The Eye of Midnight.jpgSet in 1929, this fast-paced historical adventure is filled with mystery, intrigue and danger. The main characters are Maxine and William, who are cousins, though they barely remember each other. The young pair, both in their early teens, have just arrived on the doorstep of Battersea Manor, somewhere along the Jersey Shore. They’ve been sent to stay with their grandfather, Colonel Horatius Battersea, at his estate for the summer.

Soon after the cousins’ arrival, their grandfather receives a mysterious telegram. He must quickly get to New York City to retrieve an important package. Not willing to leave Maxine and William behind, he brings them along as he prepares to meet with an unknown courier in possession of the parcel. Before he gets to meet with the courier, the Colonel mysteriously vanishes without a trace.
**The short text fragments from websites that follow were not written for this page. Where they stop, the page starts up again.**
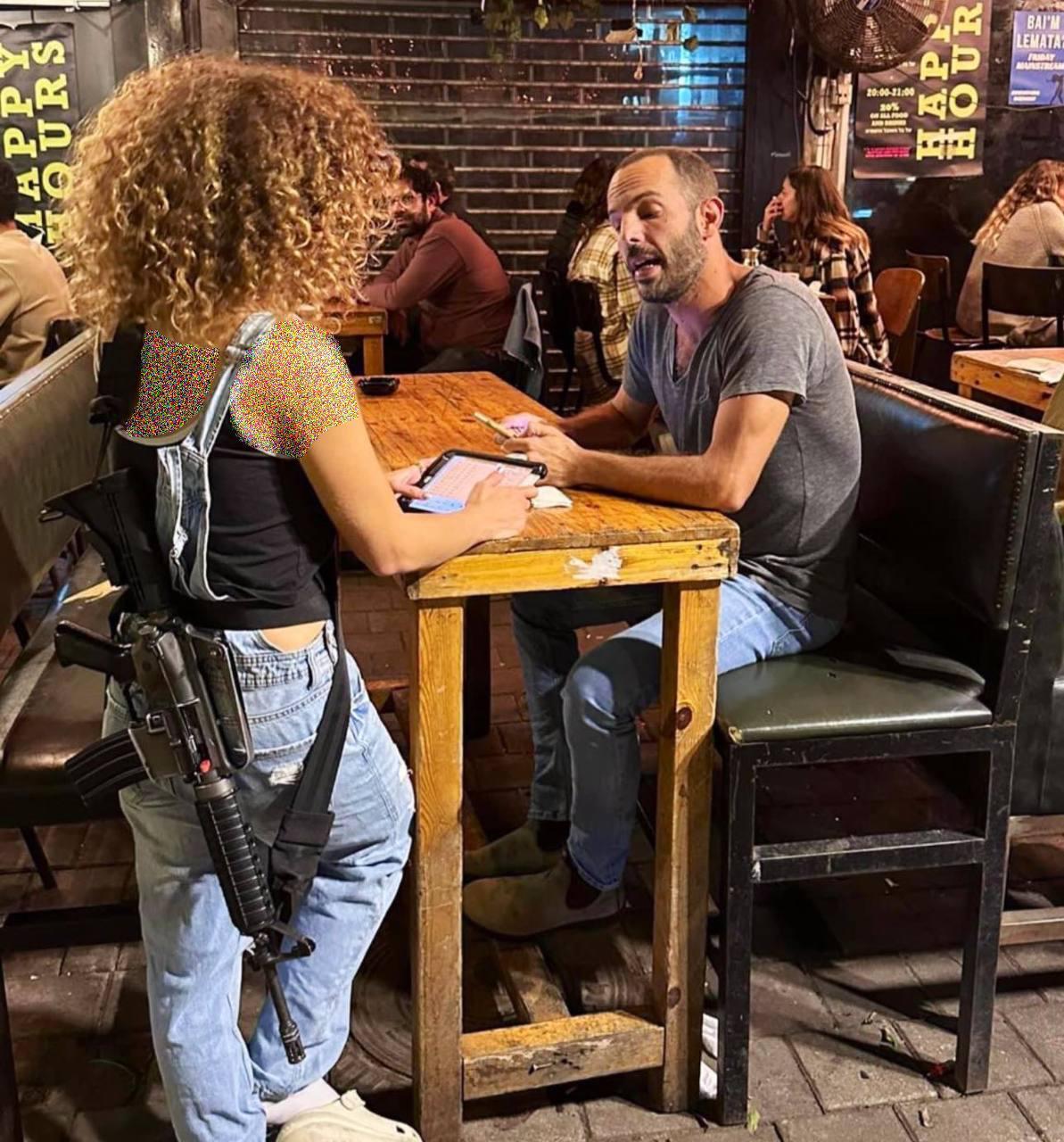 گارسون مسلح یک رستوران در تل آویو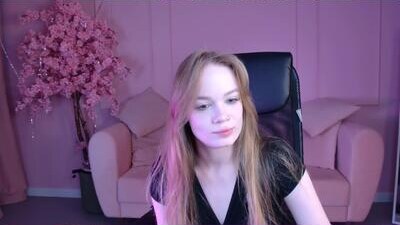 amynox public webcam profile photo 7
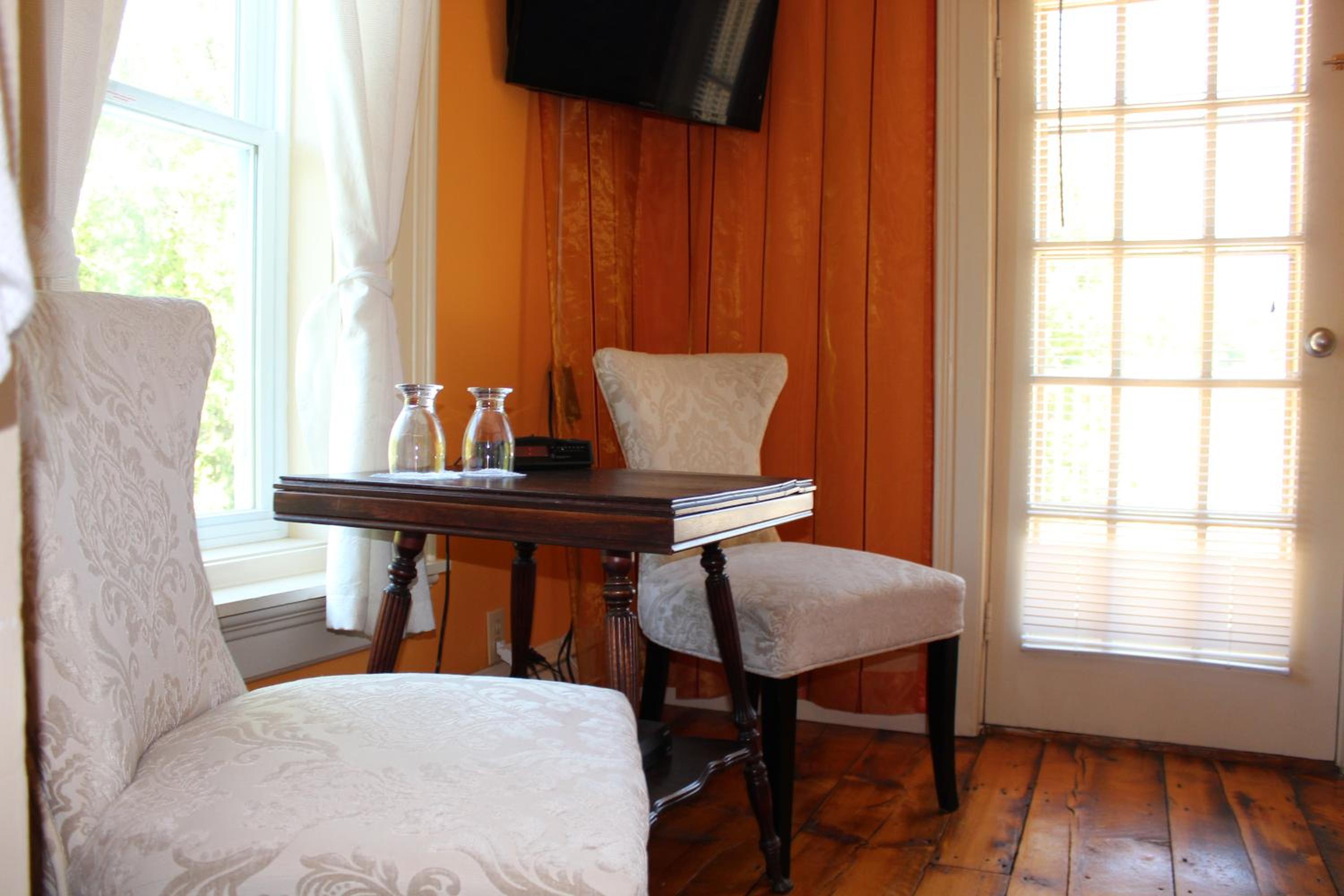  Superior Queen Room with Balcony (Merry 8)  photo 3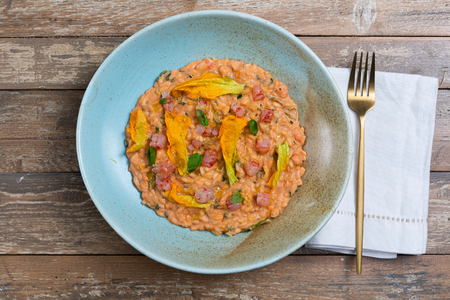 Risotto met garnalen, courgettes en courgettebloemen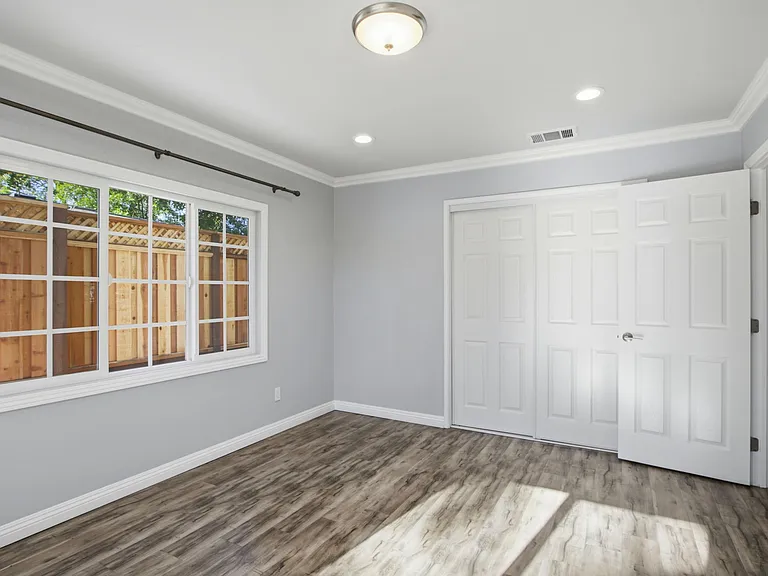 12610 Paseo Flores — Photo 29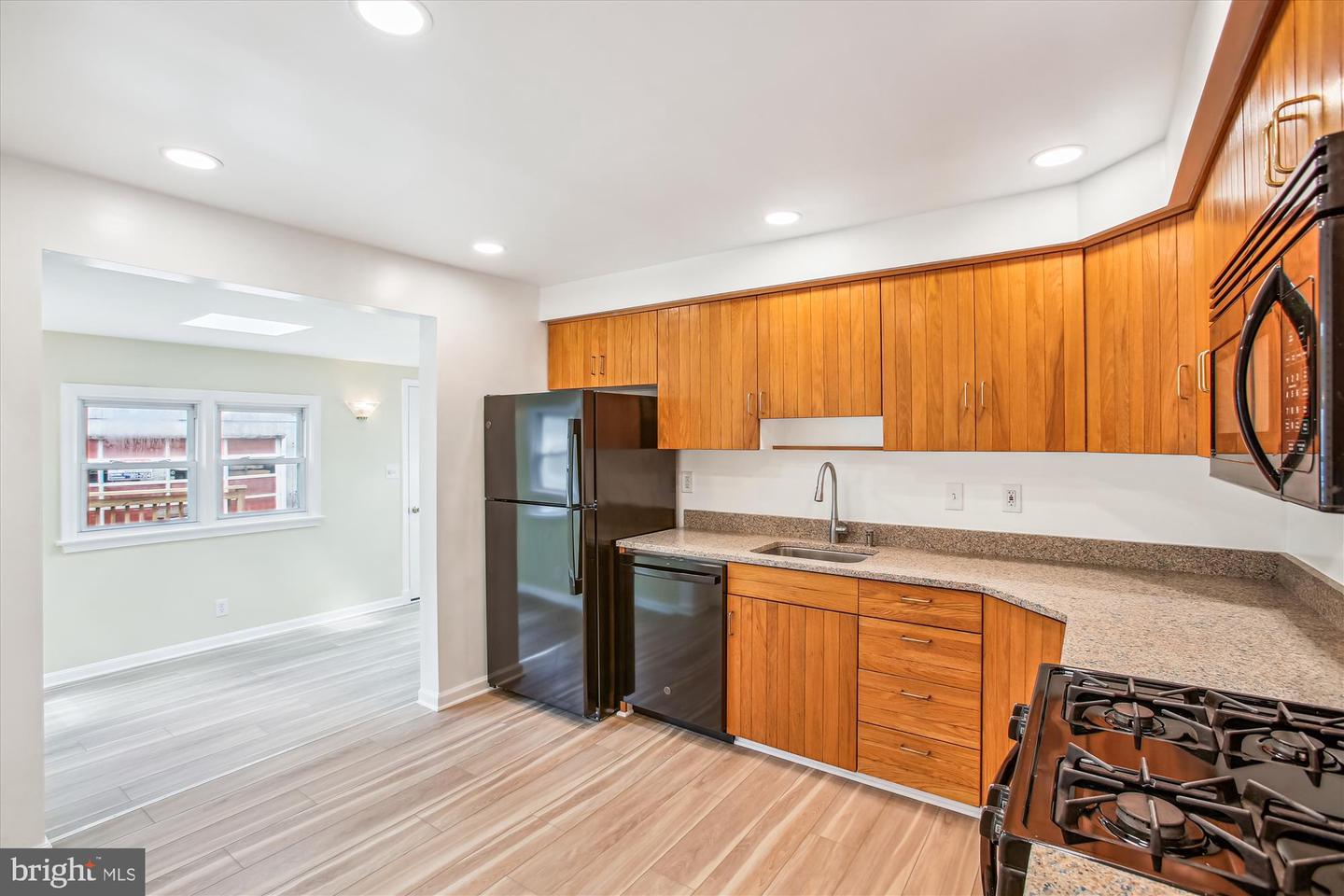 8014 MARTHA WASHINGTON ST, ALEXANDRIA, Virginia 22309, 2 Bedrooms Bedrooms, ,1 BathroomBathrooms,Residential,For sale,8014 MARTHA WASHINGTON ST,VAFX2238828 MLS # VAFX2238828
The cousins make a surprise friend in Nura, a bold and daring girl from Turkey, who just so happens to be the courier their grandfather came to meet. The package she was to deliver was a powerful magical artifact, but the item has been stolen by an unknown thief. The three join forces on a daring adventure to find the missing Colonel Battersea and the magical package. They soon find out they aren’t the only ones who are searching.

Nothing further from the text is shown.